Since her divorce almost a decade ago, some sections within Zambian society have heaped blame on her for her failed marriage. People questioned her and doubted her political skills having been a divorcee. She was daily faced with the challenge of having to explain her failure in marriage and the fact that she did not have any kids with her ex. Society had judged her more strictly than countless of her male colleagues. Somehow in keeping with “Umuti wa Bufyashi” she was blamed for the problems in the marriage. She was a failure in marriage and consequently should be a political failure too.
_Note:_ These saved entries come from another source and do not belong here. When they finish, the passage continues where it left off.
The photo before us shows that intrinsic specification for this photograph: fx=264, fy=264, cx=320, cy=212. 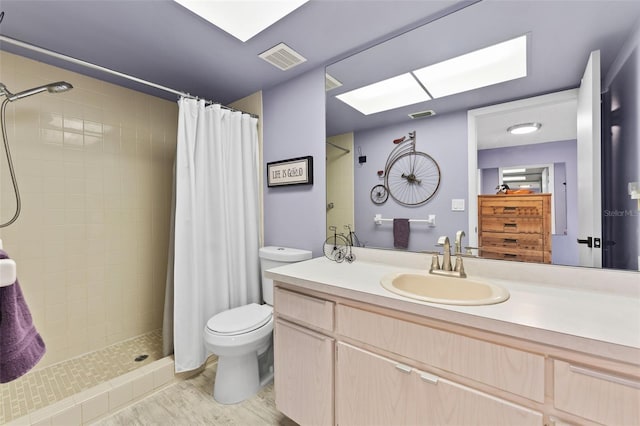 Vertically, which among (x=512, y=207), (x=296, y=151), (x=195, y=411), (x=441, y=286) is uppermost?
(x=296, y=151)

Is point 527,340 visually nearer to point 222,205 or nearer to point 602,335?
point 602,335

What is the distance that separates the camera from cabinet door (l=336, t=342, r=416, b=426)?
981 millimetres

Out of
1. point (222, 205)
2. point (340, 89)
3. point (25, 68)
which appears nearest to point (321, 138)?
point (340, 89)

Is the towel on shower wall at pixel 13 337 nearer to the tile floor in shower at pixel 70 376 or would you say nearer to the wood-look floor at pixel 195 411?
the wood-look floor at pixel 195 411

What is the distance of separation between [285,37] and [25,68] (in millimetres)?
1812

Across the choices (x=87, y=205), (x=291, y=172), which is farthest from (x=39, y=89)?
(x=291, y=172)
For ten years she went on pursuing her political ambitions. Rising up to be a Cabinet Minister and close confidante of President Rupiah Banda. Her ambitions were clear for all to see. Once she resigned her position only to be reinstated when Judge Musonda set aside the Ministerial Tribunal’s ruling that she had breached the Zambian constitution. She went on to become an influential member of the ruling party. But the questions of her marriage still haunted her, years after she had long left the marriage.
For ten years she did it the way taught women are supposed to handle problems, “Donchi Kubeba” and suffer alone in your heart. According to tradition she was supposed to accept the blame and continue shouldering insults. She was supposed to continue with the doctrine that blames women for infertility, infidelity and failed marriages. She was not supposed to have an opinion. She was supposed to do a “Donchi Kubeba.”
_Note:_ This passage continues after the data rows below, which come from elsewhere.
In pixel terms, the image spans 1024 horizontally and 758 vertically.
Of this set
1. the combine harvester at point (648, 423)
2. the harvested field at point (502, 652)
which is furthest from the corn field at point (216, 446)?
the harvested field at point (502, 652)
But some time during the parliamentary campaigns in Petakue in 2011 she snapped. She could not bear the blame anymore. After ten years of silence she had to say her opinion. She had to break the taboo of silence. And yes, in a typical Nsenga style, she spoke some embarrassing stuff for any man. And I do not in any way seek to justify what she said. My objective here is to at least recognise that she gave her side of the story. She at least managed to paint the picture that she should not be the only one to blame of not having a kid with her ex-husband and for not keeping the marriage. The man in the marriage had the same responsibility which in her opinion he failed because he used to come to bed wearing a Bombasa.
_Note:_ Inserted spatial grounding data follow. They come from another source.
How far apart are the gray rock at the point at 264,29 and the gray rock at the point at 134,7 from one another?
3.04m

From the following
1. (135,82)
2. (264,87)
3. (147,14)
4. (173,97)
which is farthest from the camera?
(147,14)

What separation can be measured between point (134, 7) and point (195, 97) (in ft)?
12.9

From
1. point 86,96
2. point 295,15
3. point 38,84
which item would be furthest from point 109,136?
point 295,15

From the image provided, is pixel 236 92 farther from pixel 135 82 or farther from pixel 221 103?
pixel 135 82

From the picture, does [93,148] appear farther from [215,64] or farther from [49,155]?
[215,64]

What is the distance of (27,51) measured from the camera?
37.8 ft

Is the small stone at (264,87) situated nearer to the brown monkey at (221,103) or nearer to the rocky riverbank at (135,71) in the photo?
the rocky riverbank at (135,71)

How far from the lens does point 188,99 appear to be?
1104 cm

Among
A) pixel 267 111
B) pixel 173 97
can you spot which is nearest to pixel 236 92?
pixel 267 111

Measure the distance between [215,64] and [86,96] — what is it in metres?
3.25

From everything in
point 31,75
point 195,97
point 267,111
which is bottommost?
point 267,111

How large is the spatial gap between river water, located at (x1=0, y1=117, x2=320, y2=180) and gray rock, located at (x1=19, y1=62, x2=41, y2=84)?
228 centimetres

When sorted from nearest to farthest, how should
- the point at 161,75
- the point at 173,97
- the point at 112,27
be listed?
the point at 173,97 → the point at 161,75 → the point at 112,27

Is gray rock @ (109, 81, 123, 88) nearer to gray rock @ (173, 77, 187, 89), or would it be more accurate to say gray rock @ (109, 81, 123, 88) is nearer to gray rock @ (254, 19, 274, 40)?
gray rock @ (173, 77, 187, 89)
Having faced public humiliation for her private family failures, Dora decided to confront the issue publicly and show that she is not the only one to blame. It was her decision how she handles the issue. Dora’s rants challenge a Zambian man to step up. A Zambian man must stop the blame game and must stop going to bed wearing Bombasa. A Zambian man must stop going to bed drunk with Kachasu and Tujilijili since there is a real person waiting for him on the other side of the bedroom. The antediluvian “Donchi Kubeba” traditional doctrine that bought the silence of women is becoming obsolete currency. And women’s political libido should be judged on equal footing as that of their male counterparts. A society that judges our women more harshly is inconsistent with a Christian nation.
Faced with a society whose tradition condemned women’s adulteries as it condoned the men’s infidelities, Jesus told the woman brought to be stoned for adultery, “Neither do I condemn you, go and sin no more.” But in that case, as it is in the case of Zambian politics, the men are given passes while women are brought to be hanged.
Not anymore, says Dora and the Mulemena Boys. And on that point I agree with them!